ACCarnall / bagpipes

Bagpipes is a state of the art code for generating realistic model galaxy spectra and fitting these to spectroscopic and photometric observations. Users should install with pip, not by cloning the repository.
http://bagpipes.readthedocs.io
GNU General Public License v3.0
71 stars 37 forks source link

mpirun fit_catalog stalls on galaxy that converges fine individually #12

Open thriveth opened 3 years ago

thriveth commented 3 years ago

First of all, thanks for writing this code and making it available, and thanks for a very good documentation that flattens the learning curve a great deal!

I am trying to fit a catalog using fit_catalog in a script that I run through mpirun, as suggested in the example notebooks. However, the function stalled after a few objects, for an entire night with four cores running at full capacity before I killed the process.

Trying to fit the same galaxies one-by-one, also using mpirun, goes fine, they typically converge within a couple of minutes. I first tried fitting the offending galaxy individually, then running the fit_catalog function again, but it stalled on the next one, too, which also fits fine when fit individually.

The only feedback I get is some warnings that various parameters are converging at the edge of the prior. I get the same warnings, but much fewer and no stalling, when fitting individually.

Any idea what is going on?

ACCarnall commented 3 years ago

Hi Thøger,

Glad you're getting on well with the code!

I can't immediately think of a reason running fits within fit_catalogue would cause a problem that you don't get when fitting objects individually. Is it possible you're accidentally doing something different with redshifts when fitting the catalogue, i.e. leaving the redshifts free instead of fixing them?

There is of course a degree of randomness in the times taken for MultiNest fits to complete. It's not unusual to see variations of up to say and order of magnitude when fitting different objects with the same data, or even just re-running the same fit on the same object several times. However it sounds like what you're experiencing is outside of the normal variation you'd expect. Likewise, warnings about converging to the edge of the prior aren't necessarily a problem, it just means the edge of the prior is included in the sampling at that stage in the process, it can easily become excluded later.
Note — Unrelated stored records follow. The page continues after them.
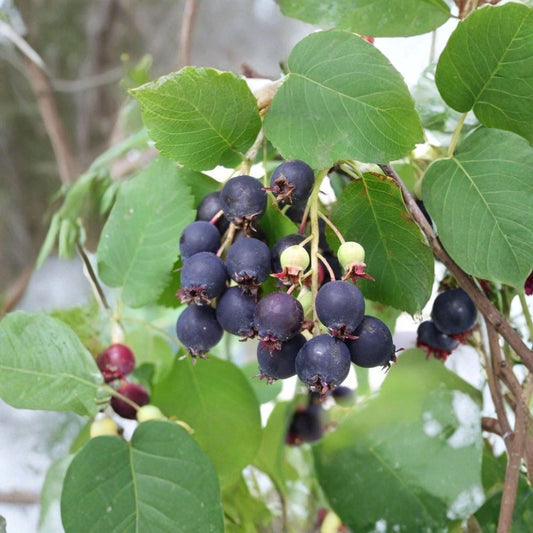 Saskatoon Serviceberry – Amelanchier alnifolia 30 Seeds | Hardy Edible Shrub | Beautiful Spring & Fall Color  Juneberry | Cold Tolerant | Wildlife Friendly Native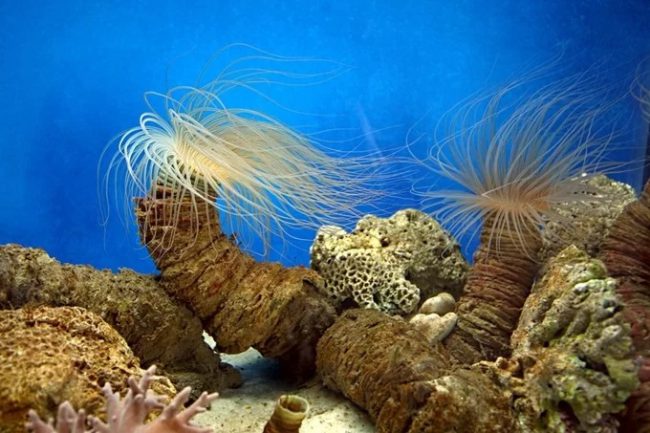 Hải quỳ ống, hay còn được gọi là “cây dừa biển” bắt mồi bằng những chiếc tua râu vươn ra ngoài. Khi gặp nguy hiểm chúng co râu vào trong ống, hoặc trầm mình dưới lớp trầm tích để lẩn trốn.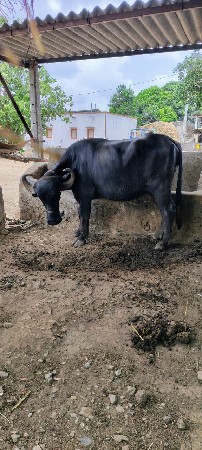ભેંસ વેચવાની છે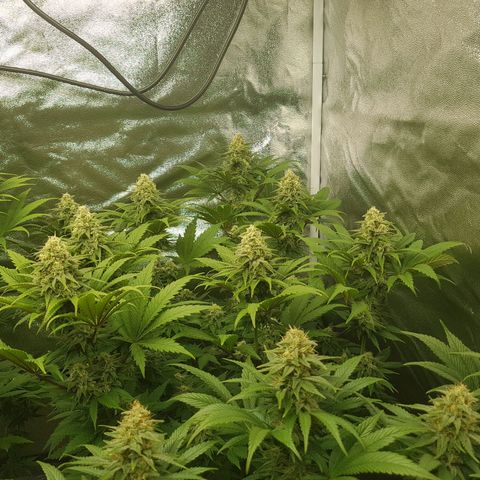 3xRuntz🤪&1xCritical🧐 growlog timeline photo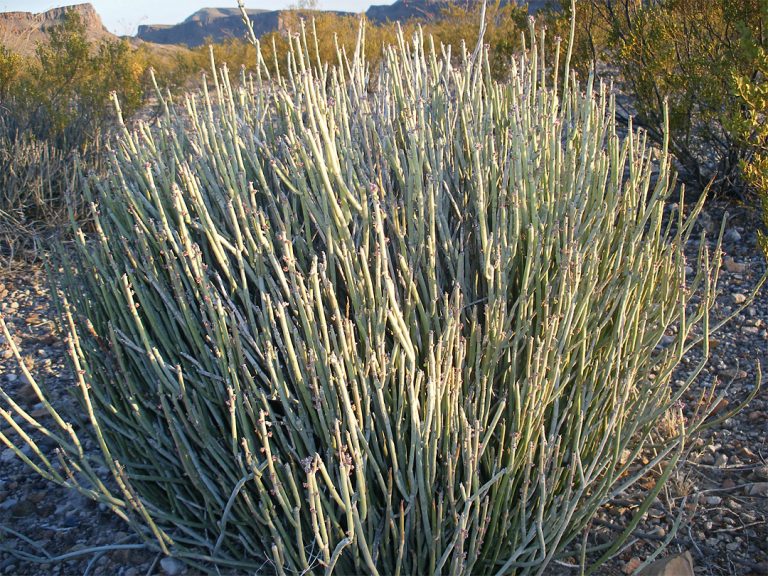 Candelilla Euphorbia Antisyphilitica Zucc Aprovechamiento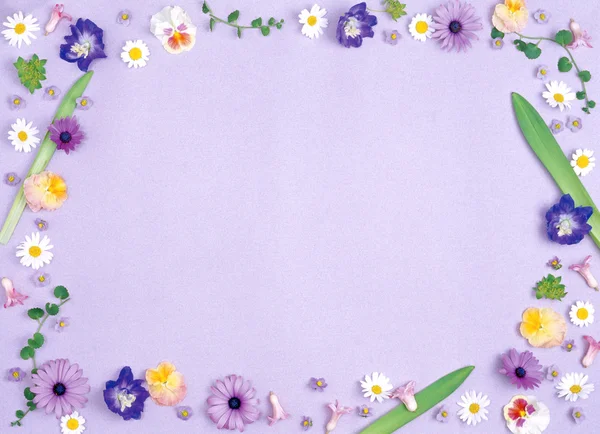 Hermoso Fondo Colorido Con Flores Verano Para Texto — Foto de Stock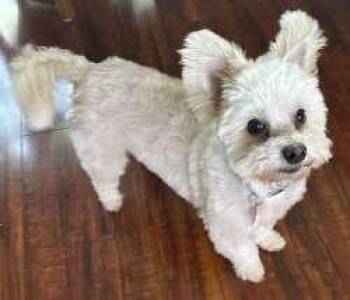 Butters -  West Highland White Terrier Westie Dog for Adoption in Sudbury, Massachusetts - Butters | PetCurious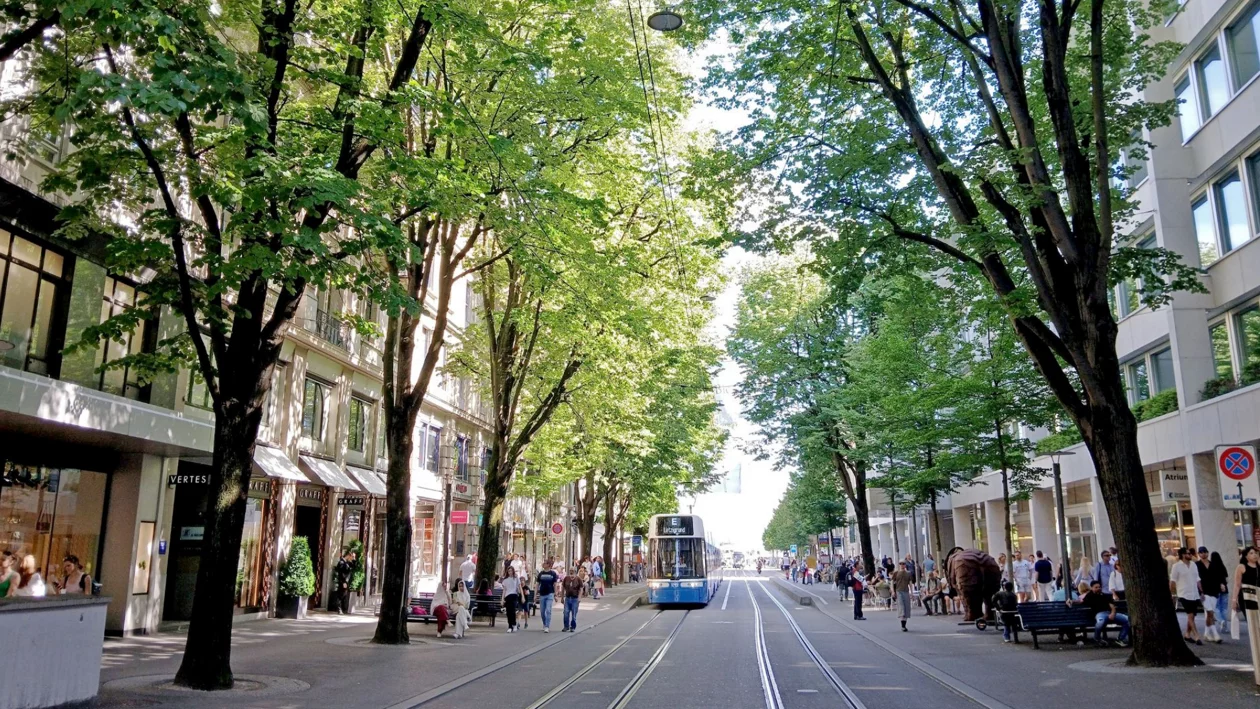 Web-Titelbilder - strassenbaumkonzept-bahnhofstrasse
Have you tried wiping the pipes directory and re-running the fit_catalogue instance to see whether you reliably hit the same snag on the same object? Or re-running the individual fit on the problem object to check it reliably finishes in a sensible time? I'd be happy to look at some code if you'd like to make it available to me.

thriveth commented 3 years ago

Hi Adam,

Thanks for your reply.

I am using the same script and more importantly the same fit_instructions dictionary whether I am fitting catalog or individually, the only difference is whether I call one function or the other. So I think there should be minimum risk of things being different. Specifically, redshifts are free in all cases (phot-z is one of the main things I am interested in getting).

It seems like several files gave problems which all worked fine, with at least a couple of runs for at least one of them (testing out various options).

I wonder if it has something to do with the data being in "ergscma" - the fit_catalog function does not seem to take the phot_units keyword that the simple pipes.fit function does. Does fit_catalogue only support data in Microjansky?

ACCarnall commented 3 years ago

Hmm, yeah that sounds very plausible. Setting phot_units should really be an option in fit_catalogue, this is the first time I've noticed that you can't. If that's what's going on you should be able to tell by plotting the outputs and seeing if the data looks the same when fitted by fit and fit_catalogue?